04 Mai 2016 - 06h00Por Do Progresso
A vida na porteira -
Beirando o rio Apa rumo à sua foz, havia um trilho à guisa de estrada onde só passavam carretas de boi ou cavaleiros. Fazia a comunicação entre Bela Vista e a fazenda Caracol. Em frente à porteira dessa fazenda, havia um povoado incipiente cujo comércio era constituído de apenas dois bolichos. Todo bolicho daquele tempo tinha como base de sortimento: cachaça e outras bebidas, fumo em rolo, charutos "pôguaçu", sardinha e cocada em lata, extratos (perfumes) Royal Briar, brilhantina Gaby, sabonete Dorly, balas (revólveres 32,38,44 e Winchester 44), pólvora, chumbo, espoletas, fósforos, querosene, velas, pregos, lenço de seda, linhas e agulhas. A fazenda em cuja porteira situavam-se os bolichos, pertencia à Empresa Mate Laranjeira ou aos Mendes, donos da mesma. Nos domínios da Empresa, havia a lei seca e os bolicheiros ficaram estrategicamente situados próximo à saída da fazenda. Quem dela saísse para ir a Bela Vista ou a Porto Murtinho, forçosamente passava frente ao comércio e, é lógico, quebravam a lei seca. O 10° R.C.I. de Bela Vista criou um Destacamento de Fronteira nesse povoado.
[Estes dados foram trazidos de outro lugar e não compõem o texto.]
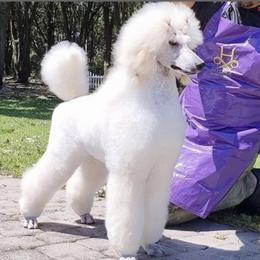 Rhianna - Poodle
O local não oferecia nenhum conforto às famílias do tenente e dos sargentos casados. Quando chegava um novato para assumir o cargo, geralmente vinha em lua de mel. A esposa jovem e muitas vezes não acostumada ao desconforto. Todos os vizinhos amenizavam os primeiros dias oferecendo alimentação, algum cômodo na residência, etc. Tenente novo, casado, normalmente não tinha filho, o que facilitava, mas a primeira gravidez da esposa representava preocupações durante meses e o parto tinha que ser feito em Bela Vista. A "estrada" era só para cavalo. Carro motorizado não vinha a não ser em casos de emergência extrema. O povoado, se não me falha a memória, umas 12 léguas de Bela Vista, portanto um dia e meio a cavalo. Já imaginaram uma mulher no final da gestação na montaria? E era no cilhão (cela feminina) que tinha um gancho para a perna direita e a mulher vinha sentada de banda, como diziam. A viagem tinha que ser mais vagarosa e levava dois dias. Com o passar dos tempos, foi abolido o cilhão; acho que aumentou o desconforto.


Esses militares desbravadores e suas esposas merecem lembrados com carinho pois além de falta de conforto, perigos da fronteira, suas esposas sempre ficavam sós por ocasião do parto, pois os maridos não podiam abandonar seu posto para acompanhá-las.


O povoado foi-se desenvolvendo pouco a pouco e quando ganhou cidadania, mudou de nome para Caracol. Essa cidade que hoje apresenta a pujança do desenvolvimento como todas as congêneres do Sul de Mato Grosso (hoje MS) merece um monumento àqueles bravos militares que com precário material mantinham-se alegres, achando tudo natural e com coragem, amor e patriotismo mostravam que muita coisa se pode fazer em qualquer lugar apesar das dificuldades. Eles deixaram sua marca. Lá está a cidade de Caracol.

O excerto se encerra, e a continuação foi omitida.